People

University of Pennsylvania

Melissa Berkowitz, MPP is a Project Manager in the Department of Medical Ethics and Health Policy. She received her Master of Public Policy with a Policy Analysis Specialization from the Hertie School of Governance in Berlin, Germany and her BA in History from New York University. She has studied and worked in New York City, Accra, Tel Aviv, Berlin, and Philadelphia in the fields of international entrepreneurial development, low-income home care, veterans’ care, workers’ rights protection, and international education. Her research interests focus on the socioeconomic impacts of life and health shocks. She is currently working on projects related to the informal care market for older adults, the effects of cognitive training on older adults, and the variation in end of life care.

 

Norma B. Coe, PhD is an Associate Professor of Medical Ethics & Health Policy at the Perelman School of Medicine at the University of Pennsylvania. She received her PhD in Economics from MIT and BA in Economics from the College of William & Mary. Dr. Coe is a health economist whose research focuses on identifying causal effects of policies that directly and indirectly impact health, human behavior, health care access, and health care utilization. She has studied healthcare costs, costs to caregivers, the quality of care delivered in an informal vs. formal care setting, the cost-effectiveness of various interventions, and worked with forecasting models. In her research projects, Dr. Coe uses econometric and health services research techniques to answer pressing questions for policymakers about aging in America.

 

Liz Taggert, MPH is a Statistical Analyst at Penn in the Department of Medical Ethics and Health Policy.
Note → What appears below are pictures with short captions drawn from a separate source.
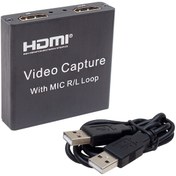 Resim Powermaster Hdmi Video Capture Powermaster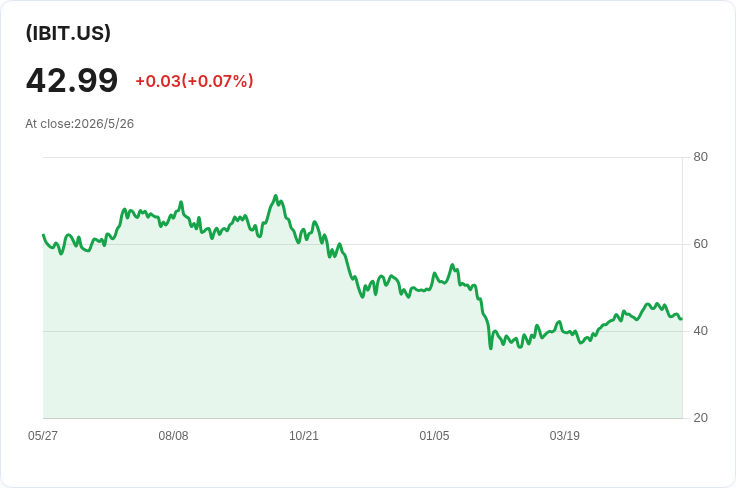 Cathie Wood喊話位元幣將挑戰黃金霸主：5年基準75萬、長線衝125萬美元！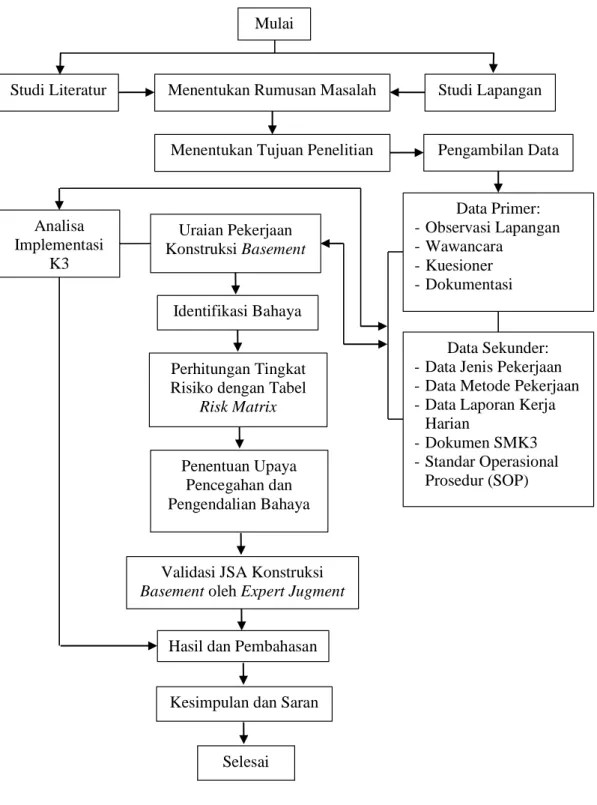 Gambar 3.2 Diagram alir penelitian    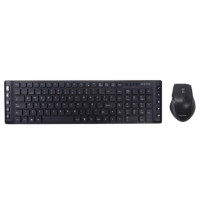 Keyboard and Mouse approx! APPMX430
Ms. Taggert has a Masters of Public Health in Epidemiology from Drexel University. She graduated from the University of Pennsylvania with a BA in Health and Societies. In recent years, she has worked on surveillance of varicella-zoster virus and heavy metal exposures in both local and state health departments. Her research interests include infectious disease epidemiology, chronic diseases of aging, and disease prevention. Her current research projects are focused on patient outcomes for those with dementia related to informal care versus formal care and overall patterns in long-term care utilization.

 

University of Washington

Sherry Willis photo

Sherry Willis, PhD, her research focuses on lifespan cognitive development, adult development and aging, cognitive interventions, midlife risks of cognitive impairment, and everyday functioning. Dr. Willis is a PI on ACTIVE, an NIA funded national behavioral intervention clinical trial. Dr. Willis developed one of the cognitive intervention programs employed in the trial. Five years after training, elderly in the intervention arm maintained a higher level of cognitive functioning on the abilities trained and reported less difficulty in performing activities of independent living compared to controls. Dr. Willis has published in Journal of the American Medical Association (JAMA), Psychology and Aging, Behavioral Medicine, Generations, Journal of International Neuropsychology Society, European Journal of Ageing.

 

Johns Hopkins University

George Rebok photo

George W. Rebok, PhD has a life-course developmental orientation, a background in gerontology and cognitive aging, developmental psychology, prevention science, and public mental health, and postdoctoral training in neuropsychology, neuroscience, epidemiology, and biostatistics. Dr. Rebok is a PI on ACTIVE, an NIA funded national behavioral intervention clinical trial. His major research interests are focused in three interrelated areas: 1) identification of early risk and protective factors on later life cognitive health and daily function; 2) prevention of age-related cognitive decline, memory loss, depression, and disability; 3) study of the short- and long-term outcomes of cognitive intervention trials with children and with normal and impaired older adults.